HP Z2 Mini G3
HP last week gave about 70 of us media people a preview of its new Z-series workstation. "Z" means computers meant for users of high-end desktop software, like mechanical CAD design and movie editing. This one is called Z2 Mini G3 -- a riff of Apple's Mac Mini.
HP product managers were pretty huffed up about the angular design (see figure 1), which is a problem for me, because I like rectangular black boxes. The more rectangular and featureless the better, and silent -- like my six-year-old Acer desktop; think monolith from 2001, but fatter.
The tiniest Z workstation has angular lines and is 2.3" tall (all images sourced from HP)
Nevertheless, I got their reasoning for the angular air vents: it's hard for a piece of paper to cover them up, suffocating the computer that's jam-packed with components and fans.
Indeed, the two of the largest components inside are fans. See figure 2. Two large ones to move lots of air; but also of large size to move that air quietly.

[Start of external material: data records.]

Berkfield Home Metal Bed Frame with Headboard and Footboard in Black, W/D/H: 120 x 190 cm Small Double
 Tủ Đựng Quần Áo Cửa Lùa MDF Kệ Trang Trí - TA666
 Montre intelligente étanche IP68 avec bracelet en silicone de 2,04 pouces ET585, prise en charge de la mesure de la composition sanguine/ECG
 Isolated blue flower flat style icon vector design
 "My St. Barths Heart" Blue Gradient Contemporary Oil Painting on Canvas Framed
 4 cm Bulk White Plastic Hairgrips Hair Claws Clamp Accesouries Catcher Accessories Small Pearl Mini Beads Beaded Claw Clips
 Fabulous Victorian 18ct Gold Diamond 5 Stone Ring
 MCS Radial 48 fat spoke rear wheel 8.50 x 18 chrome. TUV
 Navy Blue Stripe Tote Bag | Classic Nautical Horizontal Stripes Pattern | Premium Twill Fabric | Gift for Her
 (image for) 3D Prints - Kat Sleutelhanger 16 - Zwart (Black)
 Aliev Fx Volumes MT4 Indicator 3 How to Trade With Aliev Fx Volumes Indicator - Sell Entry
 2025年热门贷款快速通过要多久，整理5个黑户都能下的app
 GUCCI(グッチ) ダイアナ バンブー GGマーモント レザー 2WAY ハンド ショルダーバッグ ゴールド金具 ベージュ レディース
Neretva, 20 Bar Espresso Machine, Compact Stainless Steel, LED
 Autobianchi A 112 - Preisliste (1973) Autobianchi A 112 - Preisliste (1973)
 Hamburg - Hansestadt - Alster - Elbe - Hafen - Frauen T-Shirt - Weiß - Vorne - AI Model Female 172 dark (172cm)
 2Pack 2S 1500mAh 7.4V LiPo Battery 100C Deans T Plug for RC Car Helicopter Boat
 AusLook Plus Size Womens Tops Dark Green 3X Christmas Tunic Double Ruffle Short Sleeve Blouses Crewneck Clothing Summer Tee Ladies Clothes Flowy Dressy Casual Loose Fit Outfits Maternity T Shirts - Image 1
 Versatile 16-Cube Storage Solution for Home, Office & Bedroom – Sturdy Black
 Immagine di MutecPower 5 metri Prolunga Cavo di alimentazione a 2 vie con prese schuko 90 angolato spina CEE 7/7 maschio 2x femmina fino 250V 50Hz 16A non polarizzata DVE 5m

A bigger fan turning more slowly is quieter while moving equivalent amounts of air as faster, smaller fans.
HP made it sound like mounting their new baby on the back of a monitor or on the underside of a desk is a new thing, but VESA mounts have been standard for lots of years now. Look at the back of your monitor; it probably has four holes. That's the VESA mount for ultra-small computers.
HP also made it sound like some other features are brand spanking new advances in the field of workstations, but what they did was adopt laptop technology to a desktop computer. Such as pressing a key (on any brand of USB-connected keyboard) or a mouse to turn on the computer. Another such as: the graphics board is an M model, meaning mobility, meaning laptop. What isn't laptop-y about it at all is its ability to handle six SIX! monitors. See figure 3.
Another laptop issue is how they can walk off the premises. For security, HP offers an optional steel box that encloses the Z2 with a padlock; rotate it by 90 degrees, and the USB ports are blocked, as well. See figure 4.
The steel box in which to lock the mini workstation
When it starts shipping in December, the box will come in a base i3 model for US$700 and then offer the following options:
- i3, i3, i7, or Xenon CPUs
- Integrated Intel HDS 530 or discrete nVideo M620 2GB GFX graphics
- Three or four DisplayPort v1.2 ports for monitors
- Up to 16GB RAM in two slots
- Max single 1.5TB hard drive or SSD drive
- Single M.2 slot
- Up top five USB 3.0 ports and two Type C ports
- Headphone and audio out
- Ethernet port, WiFi and Bluetooth v4.2
- Optional serial port
- Windows 7, 10 or Linux
- External power supply
My advice: get at least an i5 CPU in any computer. Good news: the RAM and hard drive are user-replaceable, unlike the products from a certain company whose name starts with A and ends with -PPLE.
Q: How is the graphics board upgraded?
A: You need to replace the motherboard.
Q: I see no Thunderbolt ports.
A: Thunderbolt is not supported.
Q: What kind of serial port is available?
A: It is a 9-pin serial port that uses an analog signal that cannot be hacked digitally.
Q: Is the M620 graphic for desktop computers or a mobile GPU?
A: It is a new mobile GPU from nVidia.
Q: How does it handle six displays with four ports?
A: Two of the six displays are daisy-chained.
Q: Is 32GB of RAM a hard maximum?
Q: What is the minimum configuration?
A: i3 6200 CPU, 4GB non-ECC RAM, and 500GB hard drive.
Q: How can HJ compete with Apple?
A: We are going after CAD-focused designers, who Apple has abandoned, such as users of AutoCAD, Solidworks, Revit, and ArchiCAD.
Q: How does the power-on work?
A: The remote power-on function is in the BIOS, and works with any USB keyboard on the market. You can click the mouse or press a key on the keyboard. It is initially disabled in the BIOS so that the computer doesn't exhibit unexpected behavior, so you have to go into the BIOS to turn on the features.
Q: How large is the power adapter?
A: There are two power adapters, the same ones as used for some HP laptops. One is 200W for the nVidia graphics and the other 135W for Intel graphics.
Q: Is it difficult to replace the SSD (solid state drive)?
A: The memory is the most tool-free part of the system; you need to just remove one screw to replace the hard drive.
Q: What is the noise level on idle?
A: 29db at full load and 17db at idle.